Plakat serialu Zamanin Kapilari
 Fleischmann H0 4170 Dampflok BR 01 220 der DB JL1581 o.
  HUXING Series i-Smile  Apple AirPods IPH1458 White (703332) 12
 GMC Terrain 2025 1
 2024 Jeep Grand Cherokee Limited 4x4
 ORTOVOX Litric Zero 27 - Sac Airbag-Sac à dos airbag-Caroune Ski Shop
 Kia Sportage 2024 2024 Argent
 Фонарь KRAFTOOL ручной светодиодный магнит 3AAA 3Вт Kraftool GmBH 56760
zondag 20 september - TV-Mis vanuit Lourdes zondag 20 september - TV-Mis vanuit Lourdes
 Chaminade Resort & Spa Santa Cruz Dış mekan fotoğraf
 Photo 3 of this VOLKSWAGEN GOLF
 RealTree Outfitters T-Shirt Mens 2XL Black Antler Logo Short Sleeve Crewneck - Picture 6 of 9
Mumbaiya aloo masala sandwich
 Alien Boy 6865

○ ○ ○ ○

Your output should be an exact transcription of the line that holds "Chaminade Resort &" and each line after it through the end of the listing above.

ANSWER TO THIS EXERCISE
 Chaminade Resort & Spa Santa Cruz Dış mekan fotoğraf
 Photo 3 of this VOLKSWAGEN GOLF
 RealTree Outfitters T-Shirt Mens 2XL Black Antler Logo Short Sleeve Crewneck - Picture 6 of 9
Mumbaiya aloo masala sandwich
 Alien Boy 6865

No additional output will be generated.